Past Strategy Routinely Included Trusts for Both Spouses
In the 1990s and throughout the last 10 years, estate planning lawyers routinely drafted what we referred to as “Married Separate Trusts” consisting of “A-B trusts” or “marital-family trusts” in an effort to double any applicable individual federal estate tax credit for married couples. This strategy resulted in shielding the first spouse’s estate from estate taxes, letting the estate grow while the surviving spouse was alive and also had access to the first spouse to die’s assets for his/her benefit. At the second death, both the assets in the first spouse to die’s trust and the second spouse to die’s assets would pass to the heirs, in many cases estate tax-free.
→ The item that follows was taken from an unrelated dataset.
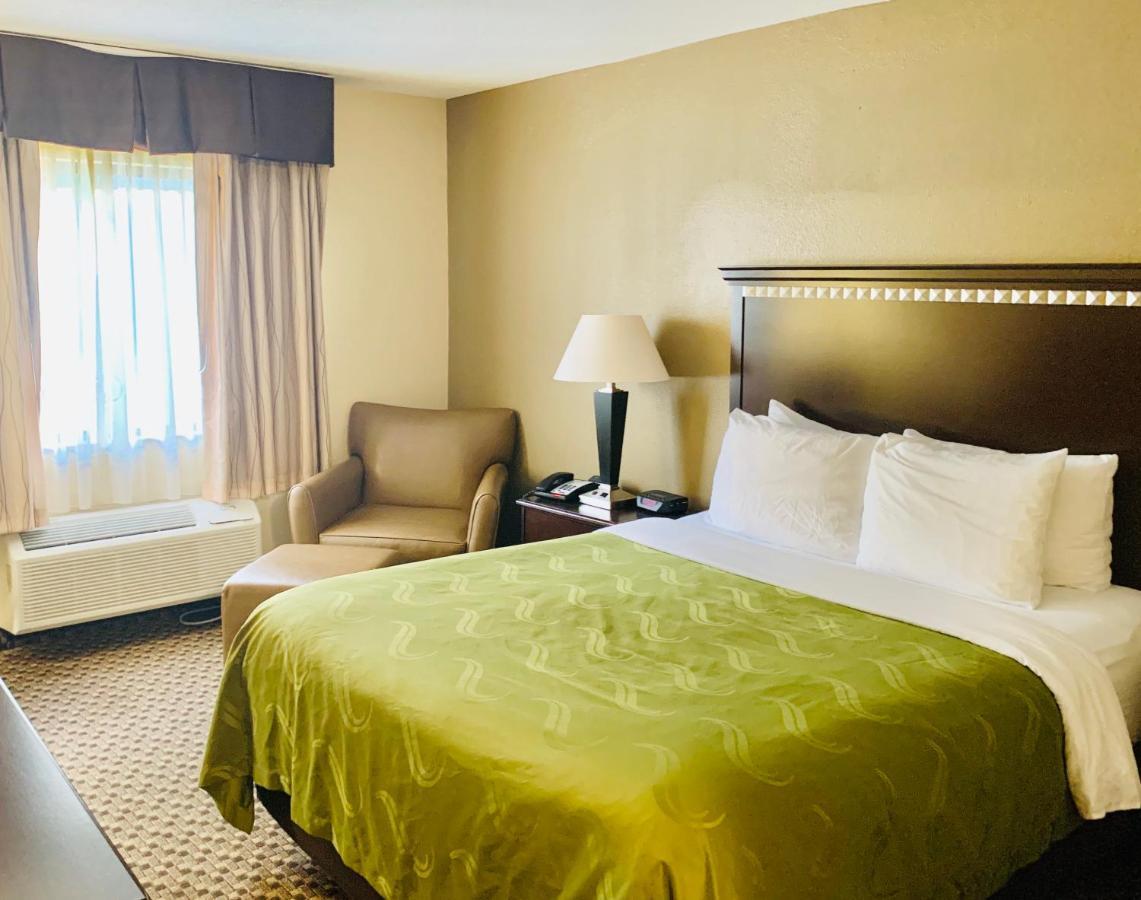 Quality Inn Macomb Near University Area Exterior photo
This strategy was particularly important when individual credit levels from federal estate tax were $600,000 per person and later stepped up to credit levels of $1,000,000, 1,500,000, etc.
During the past several years, as credits levels increased to $3,500,000 then to $5,000,000 on a temporary basis, I assisted several of my clients in mending their married separate trusts to provide greater flexibility for the surviving spouse to make a decision after the first spouse to die on whether or not to continue to leave the first spouse to die’s trust in place for tax planning purposes. The amendments I drafted allowed the surviving spouse to make that decision based on the value of that particular couple’s estate and the applicable federal estate tax credit for the surviving spouse. If the credit for the surviving spouse was more than the value of the entire estate (both the assets in the first spouse to die’s trust and the assets in the surviving spouse’s trust), then it would make sense for the surviving spouse to simply terminate the first spouse to die’s trust and avoid the complications of having to move forward with administering two trusts.
New Tax Rules Make Married Separate Trusts Unnecessary
Congress, in December 2012, passed new tax laws that did two important things relating to federal estate tax. First, Congress made permanent what was temporary to the individual estate tax credits and established that credit amount at $5,000,000 to be adjusted for inflation, which has resulted in a current credit amount of $5,250,000 per person.
Second, the new laws now recognize the concept of “portability,” which basically means that a family under certain circumstances can pull forward and apply the first spouse to die’s credit at the time of the second spouse’s death without the first spouse to die needing a separate trust. The effect of these changes has now simplified estate planning for many clients. The net effect of these changes is that married couples with less than $10,000,000 in assets can pass their assets to their heirs and beneficiaries estate tax-free without complex trust planning.
The Solution for Couples with Married Separate Trusts
Trust planning is still relevant and necessary in some situations with respect to married couples’ estates worth more than $10,000,000. In addition, trust planning remains a preferred method to avoid the necessity to probate assets after both spouses die in order to transfer title from the parents to their children or other beneficiaries.
The resulting solution for married couples who now have married separate trusts is to simply restate the separate trusts into one joint trust, which is a much simpler and more straightforward trust. This is mainly designed to allow the couples to act as trustees of the trust during their lifetime, retaining their full control, and then appointing a successor trustee to manage those assets in the event they are not capable to do so, including after their death. This type of joint trust will then simplify the administration of a married couples trust, avoid probate and further avoid the necessity of having to administer two trusts under planning strategy that was aimed at solving a problem that has now been removed based on changes to federal estate tax law.
What Happens If a Couple Does Not Change Their Plan?
There is no requirement for married couples with separate trusts to do anything to update or change their plans. These trusts as drafted remain valid and will work pursuant to the trust terms. The only downside of not updating these trusts is that a surviving spouse or children as successor trustees will have some additional administrative procedures to follow, which otherwise could be avoided.
In conclusion, if you and your spouse have married separate trusts, it would be worth your while to discuss your planning with the attorney who established those trusts and determine whether your estate plan can be simplified by restating those trusts into a joint trust.
The recent developments in the change in the federal estate tax law once again confirms estate planning is “fluid” and definitely a “process” vs. an “event.”